Sexta-feira, 22 de Abril
Umas atrás das outras, vão sendo divulgadas as mais recentes sondagens, curiosamente dando razão a muito do que tem sido escrito neste Expresso do Ocidente: Sócrates a aproximar-se de um PSD que não descola, um submarino amarelo a crescer (sempre hábil a fugir às responsabilidades que lhe assistem), e um bloco de extrema-esquerda que poderá estar também ele perto da bancarrota, neste caso eleitoral. A constatação mais ou menos óbvia é a que segue e da qual aliás nunca desconfiámos: os portugueses vão votar esmagadoramente nos mesmos partidos que os trouxeram a esta situação - os outros, aliás, foram já democraticamente afastados dos debates pré-eleitorais e da cobertura mediática.
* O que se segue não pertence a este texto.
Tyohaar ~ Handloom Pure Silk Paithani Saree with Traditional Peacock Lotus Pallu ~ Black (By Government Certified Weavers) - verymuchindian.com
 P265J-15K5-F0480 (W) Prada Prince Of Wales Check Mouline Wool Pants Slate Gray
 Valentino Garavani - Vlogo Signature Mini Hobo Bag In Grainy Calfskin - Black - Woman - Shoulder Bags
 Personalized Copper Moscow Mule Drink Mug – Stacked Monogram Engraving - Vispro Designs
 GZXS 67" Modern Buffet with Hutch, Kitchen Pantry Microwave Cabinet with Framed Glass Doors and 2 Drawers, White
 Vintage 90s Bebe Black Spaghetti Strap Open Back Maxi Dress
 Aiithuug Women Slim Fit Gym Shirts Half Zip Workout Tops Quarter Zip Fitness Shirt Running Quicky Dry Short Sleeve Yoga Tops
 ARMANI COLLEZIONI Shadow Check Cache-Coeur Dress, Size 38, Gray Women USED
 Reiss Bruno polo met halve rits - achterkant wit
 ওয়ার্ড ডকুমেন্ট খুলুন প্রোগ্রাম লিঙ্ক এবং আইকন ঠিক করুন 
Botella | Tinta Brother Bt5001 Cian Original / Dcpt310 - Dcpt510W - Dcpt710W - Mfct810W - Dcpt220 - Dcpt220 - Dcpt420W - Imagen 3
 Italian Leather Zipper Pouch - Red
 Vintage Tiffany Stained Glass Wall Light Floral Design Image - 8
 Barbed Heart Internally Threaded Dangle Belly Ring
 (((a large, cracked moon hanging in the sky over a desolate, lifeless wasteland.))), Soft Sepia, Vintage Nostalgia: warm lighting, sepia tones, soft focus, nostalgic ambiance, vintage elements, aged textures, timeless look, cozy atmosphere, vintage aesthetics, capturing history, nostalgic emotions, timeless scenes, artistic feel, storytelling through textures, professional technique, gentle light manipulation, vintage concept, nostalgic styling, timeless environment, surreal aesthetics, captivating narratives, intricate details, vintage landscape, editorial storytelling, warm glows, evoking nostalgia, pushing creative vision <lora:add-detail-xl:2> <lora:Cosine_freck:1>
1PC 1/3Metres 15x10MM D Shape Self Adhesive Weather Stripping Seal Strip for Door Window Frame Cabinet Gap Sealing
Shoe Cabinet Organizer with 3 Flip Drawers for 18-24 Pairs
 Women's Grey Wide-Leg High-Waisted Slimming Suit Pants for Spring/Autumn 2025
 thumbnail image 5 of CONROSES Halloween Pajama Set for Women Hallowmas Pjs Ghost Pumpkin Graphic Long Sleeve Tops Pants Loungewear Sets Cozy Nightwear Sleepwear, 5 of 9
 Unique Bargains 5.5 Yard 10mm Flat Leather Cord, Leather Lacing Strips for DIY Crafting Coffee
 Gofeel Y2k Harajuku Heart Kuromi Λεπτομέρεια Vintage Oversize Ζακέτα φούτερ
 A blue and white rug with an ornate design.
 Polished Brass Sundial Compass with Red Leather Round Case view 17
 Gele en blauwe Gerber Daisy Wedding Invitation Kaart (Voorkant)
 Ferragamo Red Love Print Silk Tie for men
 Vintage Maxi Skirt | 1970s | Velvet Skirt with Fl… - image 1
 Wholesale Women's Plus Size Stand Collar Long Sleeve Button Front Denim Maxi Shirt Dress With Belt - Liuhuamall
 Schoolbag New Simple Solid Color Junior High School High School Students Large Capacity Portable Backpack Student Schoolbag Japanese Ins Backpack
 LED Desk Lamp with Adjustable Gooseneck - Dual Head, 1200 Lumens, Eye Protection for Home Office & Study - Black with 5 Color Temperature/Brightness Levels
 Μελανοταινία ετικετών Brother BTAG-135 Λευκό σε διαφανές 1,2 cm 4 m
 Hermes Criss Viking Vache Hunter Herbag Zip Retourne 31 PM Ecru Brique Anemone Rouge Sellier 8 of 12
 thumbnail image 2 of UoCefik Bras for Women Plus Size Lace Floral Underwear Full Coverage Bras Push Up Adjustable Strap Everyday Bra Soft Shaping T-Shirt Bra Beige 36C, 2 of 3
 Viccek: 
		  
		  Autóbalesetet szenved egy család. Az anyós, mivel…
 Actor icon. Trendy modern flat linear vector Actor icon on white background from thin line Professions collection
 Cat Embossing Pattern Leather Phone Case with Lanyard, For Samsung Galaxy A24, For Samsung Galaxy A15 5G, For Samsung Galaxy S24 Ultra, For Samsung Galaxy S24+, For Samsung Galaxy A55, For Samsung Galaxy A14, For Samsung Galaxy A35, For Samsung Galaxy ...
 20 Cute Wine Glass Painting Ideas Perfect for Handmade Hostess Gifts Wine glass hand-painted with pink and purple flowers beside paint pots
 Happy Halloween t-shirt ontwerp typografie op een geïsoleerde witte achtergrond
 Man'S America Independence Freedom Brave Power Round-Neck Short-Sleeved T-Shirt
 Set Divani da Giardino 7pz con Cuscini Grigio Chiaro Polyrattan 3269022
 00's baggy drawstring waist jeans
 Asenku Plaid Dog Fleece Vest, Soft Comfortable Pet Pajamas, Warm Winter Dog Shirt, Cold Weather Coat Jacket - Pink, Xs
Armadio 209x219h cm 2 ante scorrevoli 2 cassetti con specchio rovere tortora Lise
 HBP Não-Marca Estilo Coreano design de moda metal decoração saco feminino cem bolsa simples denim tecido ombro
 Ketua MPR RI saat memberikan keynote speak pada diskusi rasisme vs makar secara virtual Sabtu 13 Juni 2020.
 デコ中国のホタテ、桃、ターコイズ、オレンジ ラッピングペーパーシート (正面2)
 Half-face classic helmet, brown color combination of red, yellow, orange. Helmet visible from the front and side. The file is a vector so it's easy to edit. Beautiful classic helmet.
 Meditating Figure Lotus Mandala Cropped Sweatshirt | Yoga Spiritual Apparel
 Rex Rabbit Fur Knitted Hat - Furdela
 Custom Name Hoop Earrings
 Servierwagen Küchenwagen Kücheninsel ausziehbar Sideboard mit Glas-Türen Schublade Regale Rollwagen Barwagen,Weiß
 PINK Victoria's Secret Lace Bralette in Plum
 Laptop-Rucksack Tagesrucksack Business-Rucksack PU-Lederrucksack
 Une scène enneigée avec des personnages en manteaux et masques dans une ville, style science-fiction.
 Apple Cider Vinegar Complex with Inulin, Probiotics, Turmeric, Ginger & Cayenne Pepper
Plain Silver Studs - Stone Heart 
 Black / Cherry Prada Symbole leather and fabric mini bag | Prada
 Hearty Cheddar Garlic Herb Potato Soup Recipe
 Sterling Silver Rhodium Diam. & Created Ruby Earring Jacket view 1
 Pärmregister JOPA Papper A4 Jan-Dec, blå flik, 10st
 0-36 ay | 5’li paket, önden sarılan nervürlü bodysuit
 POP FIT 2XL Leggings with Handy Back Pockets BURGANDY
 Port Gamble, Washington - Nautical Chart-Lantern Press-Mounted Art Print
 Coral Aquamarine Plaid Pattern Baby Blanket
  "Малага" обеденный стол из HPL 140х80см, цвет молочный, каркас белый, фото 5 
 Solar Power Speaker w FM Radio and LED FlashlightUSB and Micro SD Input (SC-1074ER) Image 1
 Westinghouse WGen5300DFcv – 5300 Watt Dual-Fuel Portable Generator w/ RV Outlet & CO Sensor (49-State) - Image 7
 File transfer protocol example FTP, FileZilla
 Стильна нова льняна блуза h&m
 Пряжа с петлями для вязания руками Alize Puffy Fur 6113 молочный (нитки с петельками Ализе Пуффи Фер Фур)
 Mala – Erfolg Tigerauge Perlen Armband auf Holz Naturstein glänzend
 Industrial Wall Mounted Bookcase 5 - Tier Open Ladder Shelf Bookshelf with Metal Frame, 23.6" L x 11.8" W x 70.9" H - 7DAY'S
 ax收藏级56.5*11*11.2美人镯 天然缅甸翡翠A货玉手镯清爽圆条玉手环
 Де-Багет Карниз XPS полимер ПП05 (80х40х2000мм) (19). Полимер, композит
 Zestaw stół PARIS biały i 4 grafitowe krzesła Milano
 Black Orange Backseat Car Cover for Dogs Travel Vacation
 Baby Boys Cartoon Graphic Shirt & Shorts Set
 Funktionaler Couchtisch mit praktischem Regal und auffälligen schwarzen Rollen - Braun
Daqui por uns meses, quando os nossos vizinhos se queixarem como habitualmente, convirá recordar-lhes (usando do mesmo vernáculo) a noção de responsabilidade partilhada: a incompetência só chega ao poder porque há quem a sufrague e não propriamente por causa do partido dos Verdadeiros Finlandeses.

Sábado, 23 de Abril
A notícia corre na "última hora" das televisões embora já não espante sequer uma mosca: o défice, é oficial, está agora acima dos 9%, bem longe do que nos tinha sido prometido em troca dos múltiplos sacrifícios que nos foram pedidos pelo PS com o consentimento parlamentar laranja. É caso para perguntar para que serviram afinal os sacrifícios mas o país, a banhos, permanece anestesiado e indiferente. Sabemo-lo no mesmo dia em que o Expresso publica um trabalho sobre as consequências de um eventual abandono do Euro e regresso ao saudoso Escudo que, ainda há não muito tempo, nos permitia saborear uma bica na casa dos vinte e cinco cêntimos (não subiu nada, já se vê…). A peça reúne uma série de opiniões sistémicas firmemente contrariadas, diga-se em abono da verdade, pelo Prof. João Ferreira do Amaral para quem uma economia como a nossa nunca conseguirá ser competitiva o suficiente no quadro de uma moeda inventada para ser forte. A tragédia pré-anunciada pela folha do dr. Balsemão lembra o que sucedeu na Argentina em Dezembro de 2001, com a bancarrota e o fim da paridade Peso-Dólar a dar início, é certo, a um período de dificuldades tremendas para o povo argentino. Sucede que para colocar todas as cartas em cima da mesa e só para embirrar um nadinha com estes tempos de verdades decretadas pela opinião publicada, conviria lembrar que a Argentina está hoje no G-20 e, bem vistas as coisas, até se recomenda. É certo que tem riquezas naturais enormes e, sobretudo, não andou anos a fio entretida a ser paga para desmantelar a produção agrícola, as pescas e outras indústrias - mas isso já são contas de um outro rosário. Convém não acreditar, de qualquer modo, que é tudo tão líquido quanto nos pretendem vender aqueles que nos têm conduzido a esta austera, apagada e vil tristeza. Não há sentidos únicos em economia.